What is expected:
Print the line where "Ana White | Emme Twin Bed - DIY Projects" occurs and every line that follows it in the data below, ending with the last line, precisely as written.

Short descriptive text snippets:
+ + + + +
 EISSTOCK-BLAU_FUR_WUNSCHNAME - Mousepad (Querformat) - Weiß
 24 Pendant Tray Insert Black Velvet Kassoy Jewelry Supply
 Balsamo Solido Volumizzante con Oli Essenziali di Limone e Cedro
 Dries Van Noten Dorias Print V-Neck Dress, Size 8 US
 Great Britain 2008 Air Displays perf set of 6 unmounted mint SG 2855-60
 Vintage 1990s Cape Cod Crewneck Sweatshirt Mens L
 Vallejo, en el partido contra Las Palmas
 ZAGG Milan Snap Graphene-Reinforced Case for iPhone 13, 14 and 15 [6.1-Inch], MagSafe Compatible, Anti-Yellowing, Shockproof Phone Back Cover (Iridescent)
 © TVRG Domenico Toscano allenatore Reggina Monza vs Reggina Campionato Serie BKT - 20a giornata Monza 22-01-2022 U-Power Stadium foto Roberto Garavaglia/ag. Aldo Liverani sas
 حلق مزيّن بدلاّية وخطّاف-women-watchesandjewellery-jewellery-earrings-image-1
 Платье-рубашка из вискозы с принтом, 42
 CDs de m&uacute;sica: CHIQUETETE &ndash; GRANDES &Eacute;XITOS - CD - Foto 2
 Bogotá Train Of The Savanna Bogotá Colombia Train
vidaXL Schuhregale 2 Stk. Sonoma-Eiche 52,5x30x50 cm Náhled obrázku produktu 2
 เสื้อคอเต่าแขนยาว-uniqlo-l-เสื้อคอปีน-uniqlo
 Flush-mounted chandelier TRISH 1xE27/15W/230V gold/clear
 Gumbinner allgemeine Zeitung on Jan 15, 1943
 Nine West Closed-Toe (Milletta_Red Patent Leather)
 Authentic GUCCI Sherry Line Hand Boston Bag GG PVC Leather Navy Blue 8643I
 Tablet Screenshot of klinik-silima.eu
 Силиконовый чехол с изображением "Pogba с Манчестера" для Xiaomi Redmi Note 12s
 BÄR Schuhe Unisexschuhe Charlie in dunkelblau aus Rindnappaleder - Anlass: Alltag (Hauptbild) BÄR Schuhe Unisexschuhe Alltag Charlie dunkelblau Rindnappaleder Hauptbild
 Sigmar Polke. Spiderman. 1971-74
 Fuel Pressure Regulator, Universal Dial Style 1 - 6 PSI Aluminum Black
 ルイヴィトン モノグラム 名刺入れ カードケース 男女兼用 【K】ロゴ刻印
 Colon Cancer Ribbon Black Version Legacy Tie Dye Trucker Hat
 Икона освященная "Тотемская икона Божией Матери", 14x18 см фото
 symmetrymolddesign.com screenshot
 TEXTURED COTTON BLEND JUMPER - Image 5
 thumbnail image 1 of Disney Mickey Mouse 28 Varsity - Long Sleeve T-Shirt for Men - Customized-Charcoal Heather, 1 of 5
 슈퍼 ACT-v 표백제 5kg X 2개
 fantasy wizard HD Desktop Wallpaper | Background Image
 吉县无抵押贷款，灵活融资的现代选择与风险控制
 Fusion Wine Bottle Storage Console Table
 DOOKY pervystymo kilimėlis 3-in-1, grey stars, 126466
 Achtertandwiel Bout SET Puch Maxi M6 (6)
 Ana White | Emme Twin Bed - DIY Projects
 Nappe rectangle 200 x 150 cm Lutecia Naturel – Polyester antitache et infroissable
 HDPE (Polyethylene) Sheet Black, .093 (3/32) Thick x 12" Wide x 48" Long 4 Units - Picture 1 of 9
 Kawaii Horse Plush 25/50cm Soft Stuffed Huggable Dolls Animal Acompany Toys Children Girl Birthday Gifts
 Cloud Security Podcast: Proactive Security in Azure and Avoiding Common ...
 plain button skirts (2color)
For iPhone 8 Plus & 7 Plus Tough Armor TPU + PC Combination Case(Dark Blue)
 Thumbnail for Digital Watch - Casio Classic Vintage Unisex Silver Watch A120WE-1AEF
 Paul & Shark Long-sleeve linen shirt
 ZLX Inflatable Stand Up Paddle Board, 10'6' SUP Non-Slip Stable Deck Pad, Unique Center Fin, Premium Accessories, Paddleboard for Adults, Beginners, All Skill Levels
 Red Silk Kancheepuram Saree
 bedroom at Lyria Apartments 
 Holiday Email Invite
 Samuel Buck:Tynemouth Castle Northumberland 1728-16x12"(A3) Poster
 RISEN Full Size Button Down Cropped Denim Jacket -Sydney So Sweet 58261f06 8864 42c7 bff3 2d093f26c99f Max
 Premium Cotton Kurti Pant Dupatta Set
+ + + + +
Reply:
 Ana White | Emme Twin Bed - DIY Projects
 Nappe rectangle 200 x 150 cm Lutecia Naturel – Polyester antitache et infroissable
 HDPE (Polyethylene) Sheet Black, .093 (3/32) Thick x 12" Wide x 48" Long 4 Units - Picture 1 of 9
 Kawaii Horse Plush 25/50cm Soft Stuffed Huggable Dolls Animal Acompany Toys Children Girl Birthday Gifts
 Cloud Security Podcast: Proactive Security in Azure and Avoiding Common ...
 plain button skirts (2color)
For iPhone 8 Plus & 7 Plus Tough Armor TPU + PC Combination Case(Dark Blue)
 Thumbnail for Digital Watch - Casio Classic Vintage Unisex Silver Watch A120WE-1AEF
 Paul & Shark Long-sleeve linen shirt
 ZLX Inflatable Stand Up Paddle Board, 10'6' SUP Non-Slip Stable Deck Pad, Unique Center Fin, Premium Accessories, Paddleboard for Adults, Beginners, All Skill Levels
 Red Silk Kancheepuram Saree
 bedroom at Lyria Apartments 
 Holiday Email Invite
 Samuel Buck:Tynemouth Castle Northumberland 1728-16x12"(A3) Poster
 RISEN Full Size Button Down Cropped Denim Jacket -Sydney So Sweet 58261f06 8864 42c7 bff3 2d093f26c99f Max
 Premium Cotton Kurti Pant Dupatta Set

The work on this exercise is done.